WHAT THIS TASK INVOLVES |
The output should be exactly the lines from the one containing "Leader Price Lentilles blondes packshot" through the last line of the records, and only those.

SUPPLIED RECORDS |
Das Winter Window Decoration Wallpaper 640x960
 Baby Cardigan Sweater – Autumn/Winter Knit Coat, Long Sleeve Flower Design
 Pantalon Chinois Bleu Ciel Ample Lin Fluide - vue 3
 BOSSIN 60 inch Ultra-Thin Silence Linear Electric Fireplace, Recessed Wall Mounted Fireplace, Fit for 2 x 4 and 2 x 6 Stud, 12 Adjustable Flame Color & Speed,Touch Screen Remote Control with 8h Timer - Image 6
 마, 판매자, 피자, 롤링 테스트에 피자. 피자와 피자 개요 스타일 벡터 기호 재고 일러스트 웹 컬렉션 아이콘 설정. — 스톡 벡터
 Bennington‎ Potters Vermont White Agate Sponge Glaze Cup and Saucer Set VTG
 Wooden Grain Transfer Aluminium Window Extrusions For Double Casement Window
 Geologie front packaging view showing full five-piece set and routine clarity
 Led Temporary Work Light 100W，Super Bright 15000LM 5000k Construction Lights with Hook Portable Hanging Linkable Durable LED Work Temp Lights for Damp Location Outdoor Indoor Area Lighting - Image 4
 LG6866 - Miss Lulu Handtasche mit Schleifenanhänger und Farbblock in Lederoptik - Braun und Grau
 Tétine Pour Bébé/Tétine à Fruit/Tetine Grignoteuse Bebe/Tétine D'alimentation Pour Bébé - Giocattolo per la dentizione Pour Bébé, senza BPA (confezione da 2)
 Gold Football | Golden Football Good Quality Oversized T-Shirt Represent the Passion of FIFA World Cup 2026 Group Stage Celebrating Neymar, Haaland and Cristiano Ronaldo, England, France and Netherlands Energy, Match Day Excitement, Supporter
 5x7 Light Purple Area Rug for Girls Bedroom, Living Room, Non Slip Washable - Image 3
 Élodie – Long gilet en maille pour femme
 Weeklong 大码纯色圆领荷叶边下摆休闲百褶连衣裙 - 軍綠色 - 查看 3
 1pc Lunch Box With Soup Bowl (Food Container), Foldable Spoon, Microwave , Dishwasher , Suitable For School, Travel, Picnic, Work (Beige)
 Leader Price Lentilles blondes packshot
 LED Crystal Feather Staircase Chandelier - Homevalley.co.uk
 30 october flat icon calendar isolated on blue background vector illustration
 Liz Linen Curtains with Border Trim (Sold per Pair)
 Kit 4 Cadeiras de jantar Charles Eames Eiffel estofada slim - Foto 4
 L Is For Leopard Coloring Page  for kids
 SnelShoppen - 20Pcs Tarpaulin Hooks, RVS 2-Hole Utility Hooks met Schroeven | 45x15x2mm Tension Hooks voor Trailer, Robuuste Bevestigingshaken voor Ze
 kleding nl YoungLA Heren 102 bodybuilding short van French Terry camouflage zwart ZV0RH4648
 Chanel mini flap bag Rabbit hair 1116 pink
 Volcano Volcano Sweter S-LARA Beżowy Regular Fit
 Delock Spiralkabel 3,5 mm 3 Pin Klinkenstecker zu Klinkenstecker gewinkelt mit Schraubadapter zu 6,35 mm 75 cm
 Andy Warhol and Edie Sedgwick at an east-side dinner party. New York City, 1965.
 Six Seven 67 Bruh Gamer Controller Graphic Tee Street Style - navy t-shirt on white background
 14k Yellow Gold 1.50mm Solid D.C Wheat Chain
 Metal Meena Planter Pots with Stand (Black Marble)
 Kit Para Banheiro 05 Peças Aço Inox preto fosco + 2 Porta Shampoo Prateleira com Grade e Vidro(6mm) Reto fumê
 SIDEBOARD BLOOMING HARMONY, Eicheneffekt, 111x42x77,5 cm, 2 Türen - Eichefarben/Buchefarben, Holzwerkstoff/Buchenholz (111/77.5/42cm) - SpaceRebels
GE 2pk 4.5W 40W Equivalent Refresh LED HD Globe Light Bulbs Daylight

ANSWER AREA |
 Leader Price Lentilles blondes packshot
 LED Crystal Feather Staircase Chandelier - Homevalley.co.uk
 30 october flat icon calendar isolated on blue background vector illustration
 Liz Linen Curtains with Border Trim (Sold per Pair)
 Kit 4 Cadeiras de jantar Charles Eames Eiffel estofada slim - Foto 4
 L Is For Leopard Coloring Page  for kids
 SnelShoppen - 20Pcs Tarpaulin Hooks, RVS 2-Hole Utility Hooks met Schroeven | 45x15x2mm Tension Hooks voor Trailer, Robuuste Bevestigingshaken voor Ze
 kleding nl YoungLA Heren 102 bodybuilding short van French Terry camouflage zwart ZV0RH4648
 Chanel mini flap bag Rabbit hair 1116 pink
 Volcano Volcano Sweter S-LARA Beżowy Regular Fit
 Delock Spiralkabel 3,5 mm 3 Pin Klinkenstecker zu Klinkenstecker gewinkelt mit Schraubadapter zu 6,35 mm 75 cm
 Andy Warhol and Edie Sedgwick at an east-side dinner party. New York City, 1965.
 Six Seven 67 Bruh Gamer Controller Graphic Tee Street Style - navy t-shirt on white background
 14k Yellow Gold 1.50mm Solid D.C Wheat Chain
 Metal Meena Planter Pots with Stand (Black Marble)
 Kit Para Banheiro 05 Peças Aço Inox preto fosco + 2 Porta Shampoo Prateleira com Grade e Vidro(6mm) Reto fumê
 SIDEBOARD BLOOMING HARMONY, Eicheneffekt, 111x42x77,5 cm, 2 Türen - Eichefarben/Buchefarben, Holzwerkstoff/Buchenholz (111/77.5/42cm) - SpaceRebels
GE 2pk 4.5W 40W Equivalent Refresh LED HD Globe Light Bulbs Daylight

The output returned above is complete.